RE: [Ganglia-general] intermittent blanks in graphs

Richard.Grevis Wed, 25 Jan 2006 04:19:03 -0800

There is another way this failure can occur, although it is unlikely
(it happened to me though).

gmond appears to do a reverse IP lookup of the udp packets'
source address to generate the hostname in the XML. We had an error
in the reverse DNS, and 2 separate hosts in the cluster ended up having
the same hostname. As soon as the duplicate hostname was encountered
(even though the IP differed)
gmetad tried to update the rrd with data from the same second, causing
the
failure already described.

So also check your XML for duplicate hostnames.

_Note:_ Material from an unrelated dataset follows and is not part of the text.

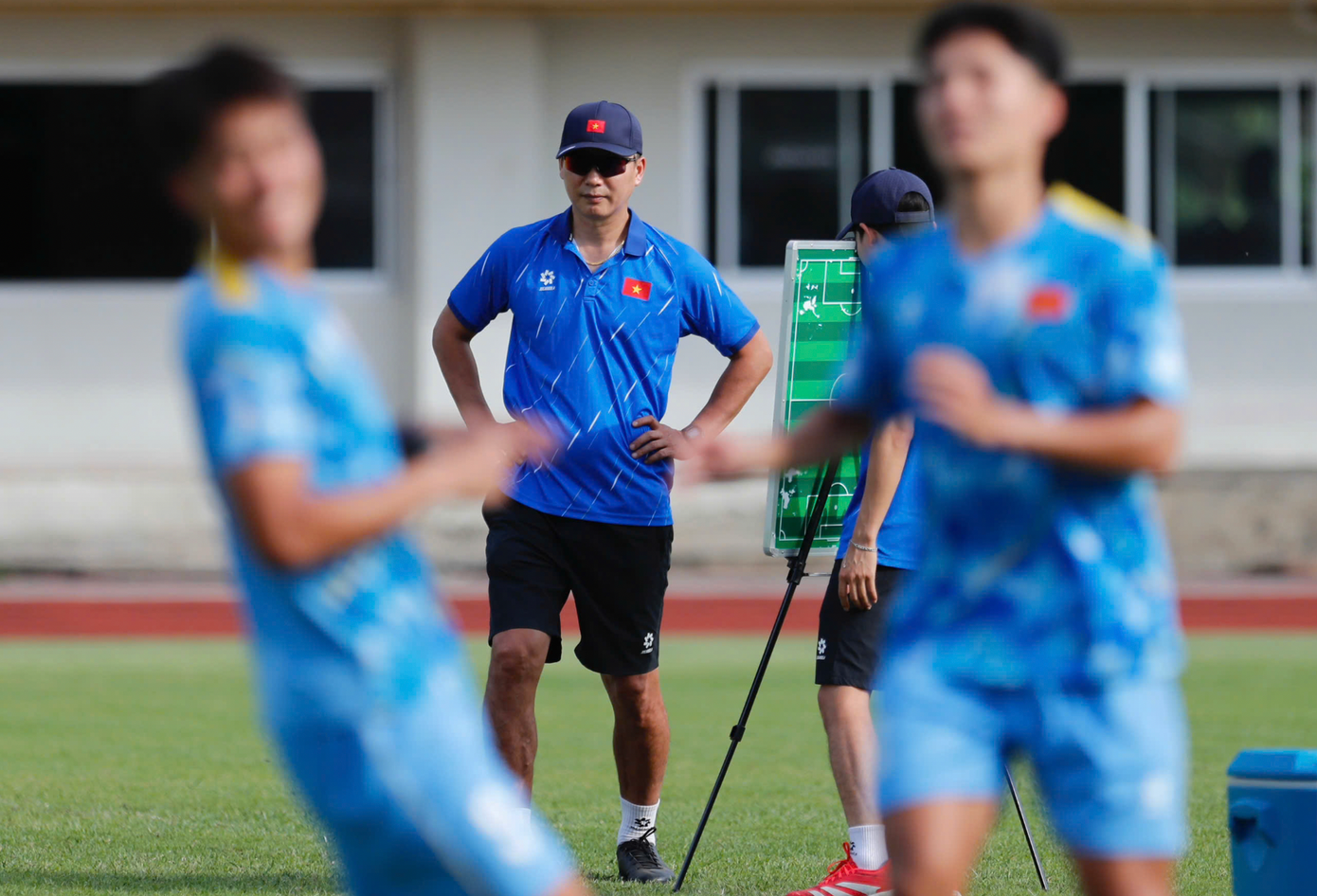কোচ কিম সাং-সিক কি SEA গেমস 33-এ ভিয়েতনাম U22 দলকে জয়ের দিকে নিয়ে যাবেন? (ছবি: হু ফাম) anh-chup-man-hinh-2025-12-13-luc-190557.png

I fixed my DNS of course, but frankly I also just patched
"gmetad/rrd_helpers.c"
function RRD_update to never return an error. Crude, wrong, but it was a
quick way
to stop gmetad bombing on the rest of the data.

regards,
richard

-----Original Message-----
From: [EMAIL PROTECTED]
[mailto:[EMAIL PROTECTED] On Behalf Of Ben
Hartshorne
Sent: 25 January 2006 03:08
To: [email protected]
Subject: Re: [Ganglia-general] intermittent blanks in graphs

Everyone,

thanks very much for your suggestions.  I've replied to each below.

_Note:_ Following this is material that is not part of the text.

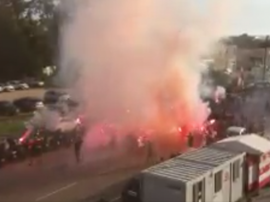 Los ultras impidieron el paso al autobús de Le Havre. Captura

On Tue, Jan 24, 2006 at 04:16:08AM -0800, Martin Knoblauch wrote:
>  just a thought - are your cluster nodes time-synched? Are they 
> [still] in-synch?

to within a second or so.  I also have several gmetrics that are running
at a 2-min interval, and they exhibit the same behavior.  I would be
suprised to see them reporting the same second, 2 minutes apart...

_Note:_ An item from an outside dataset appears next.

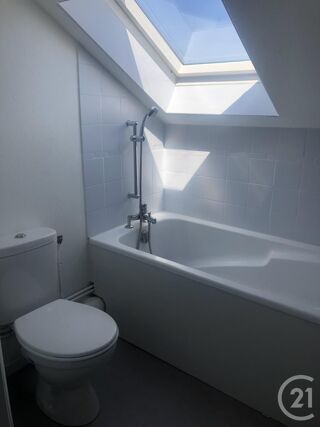  Appartement à louer 1 pièce 30 m²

On Tue, Jan 24, 2006 at 07:45:31AM -0500, Woods, Jeff wrote:
> We had a similar problem a few weeks ago, except that our gmetad never

> seemed to recover.  It was crashing, and had to be restarted manually 
> almost daily.  I enabled the debug output to syslog, but received no 
> indication of what was failing -- it just quit!

restarting the server doesn't seem to have any effect.  :(

> At the time, we were in the process of consolidating our gmetad's to a

> single server (we have three clusters being monitored, and each had 
> its own gmetad and web interface).  Following the migration to the new

> server, the problem went away so we never followed up.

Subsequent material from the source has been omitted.